The following shorthand is used throughout NetworkX documentation and code:

G,G1,G2,H,etc
Graphs
n,n1,n2,u,v,v1,v2:
Nodes (vertices)
nlist,vlist:
A list of nodes (vertices)
nbunch, vbunch:
A “bunch” of nodes (vertices). An nbunch is any iterable container of nodes that is not itself a node in the graph. (It can be an iterable or an iterator, e.g. a list, set, graph, file, etc..)
e=(n1,n2), (n1,n2,x):
An edge (a Python 2-tuple or 3-tuple), also written n1-n2 (if undirected) and n1->n2 (if directed).
e=(n1,n2,x):
The edge object x (or list of objects for multigraphs) associated with an edge can be obtained using G.get_edge_data(n1,n2). The default G.add_edge(n1,n2) is equivalent to G.add_edge(n1,n2,1). In the case of multiple edges in multigraphs between nodes n1 and n2, one can use G.remove_edge(n1,n2) to remove all edges between n1 and n2, or G.remove_edge(n1,n2,x) to remove one edge associated with object x.
elist:
A list of edges (as 2- or 3-tuples)
ebunch:
A bunch of edges (as tuples). An ebunch is any iterable (non-string) container of edge-tuples. (Similar to nbunch, also see add_edge).
iterator method names:
In many cases it is more efficient to iterate through items rather than creating a list of items. NetworkX provides separate methods that return an iterator. For example, G.degree() and G.edges() return lists while G.degree_iter() and G.edges_iter() return iterators.
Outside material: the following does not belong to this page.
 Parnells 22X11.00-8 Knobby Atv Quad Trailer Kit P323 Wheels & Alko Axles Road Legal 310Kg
Some potential pitfalls to be aware of:

  • Although any hashable object can be used as a node, one should not change the object after it has been added as a node (since the hash can depend on the object contents).
  • The ordering of objects within an arbitrary nbunch/ebunch can be machine- or implementation-dependent.
  • Algorithms applicable to arbitrary nbunch/ebunch should treat them as once-through-and-exhausted iterable containers.
  • len(nbunch) and len(ebunch) need not be defined.

Graph methods

A Graph object G has the following primitive methods associated with it. (You can use dir(G) to inspect the methods associated with object G.)
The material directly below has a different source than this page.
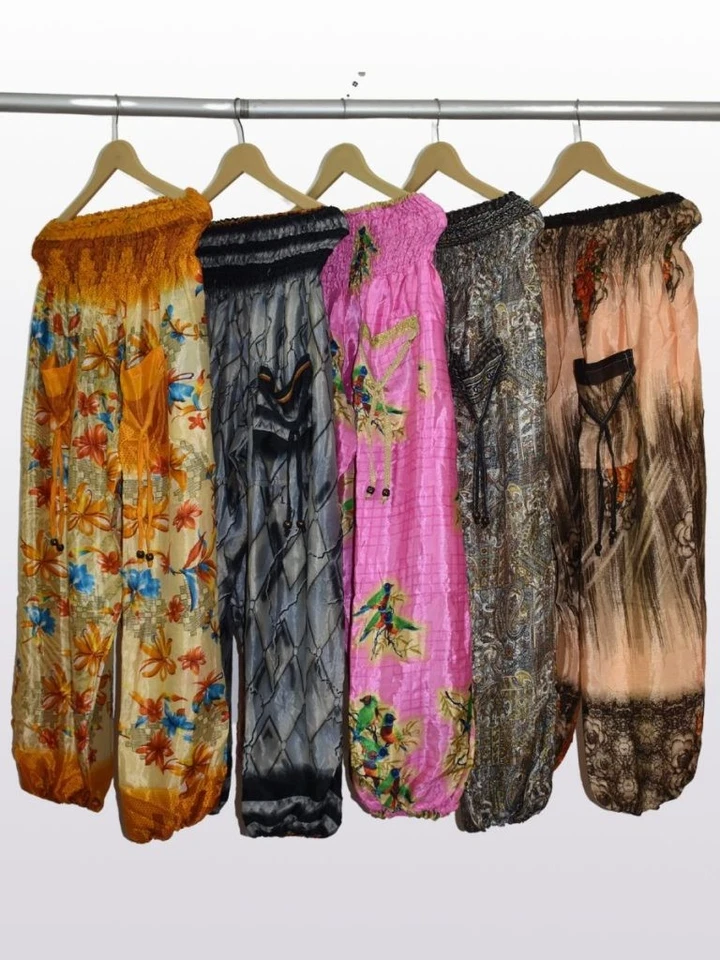 Mujeres Estampado Cintura Elástica Harén Bolsillos Pantalón Talla Grande Venta al por mayor Lote Mixto Foto 4 de 4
  1. Non-mutating Graph methods:

    - len(G), G.number_of_nodes(), G.order()  # number of nodes in G
    - n in G,     G.has_node(n)
    - for n in G:   # loop through the nodes in G
    - for nbr in G[n]:  # loop through the neighbors of n in G
    - G.nodes()        # list of nodes
    - G.nodes_iter()   # iterator over nodes
    - nbr in G[n],  G.has_edge(n1,n2)
    - G.edges(), G.edges(n), G.edges(nbunch)
    - G.edges_iter(), G.edges_iter(n), G.edges_iter(nbunch)
    - G.get_edge_data(n1,n2)  # the object associated with edge
    - G[n1][n1]  # object associated with edge, faster than get_edge_data()
    - G.neighbors(n)     # list of neighbors of n
    - G.neighbors_iter(n) # iterator over neighbors
    - G[n]               # dictionary of neighbors of n keyed to edge object
    - G.adjacency_list  #list of
    - G.number_of_edges(), G.size()
    - G.degree(), G.degree(n), G.degree(nbunch)
    - G.degree_iter(), G.degree_iter(n), G.degree_iter(nbunch)
    - G.nodes_with_selfloops()
    - G.selfloop_edges()
    - G.number_of_selfloops()
    - G.nbunch_iter(nbunch)  # iterator over nodes in both nbunch and G
    
    The following return a new graph::
    
    - G.subgraph(nbunch,copy=True)
    - G.copy()
    - G.to_directed()
    - G.to_undirected()
  2. Mutating Graph methods:

    - G.add_node(n), G.add_nodes_from(nbunch)
    - G.remove_node(n), G.remove_nodes_from(nbunch)
    - G.add_edge(n1,n2), G.add_edge(*e)
    - G.add_edges_from(ebunch)
    - G.remove_edge(n1,n2), G.remove_edge(*e),
    - G.remove_edges_from(ebunch)
    - G.add_star(nlist)
    - G.add_path(nlist)
    - G.add_cycle(nlist)
    - G.clear()
    - G.subgraph(nbunch,copy=False)
    

Names of classes/objects use the CapWords convention, e.g. Graph, MultiDiGraph. Names of functions and methods use the lowercase_words_separated_by_underscores convention, e.g. petersen_graph(), G.add_node(10).

G can be inspected interactively by typing “G” (without the quotes). This will reply something like <networkx.base.Graph object at 0x40179a0c>. (On Linux machines with CPython the hexadecimal address is the memory location of the object.)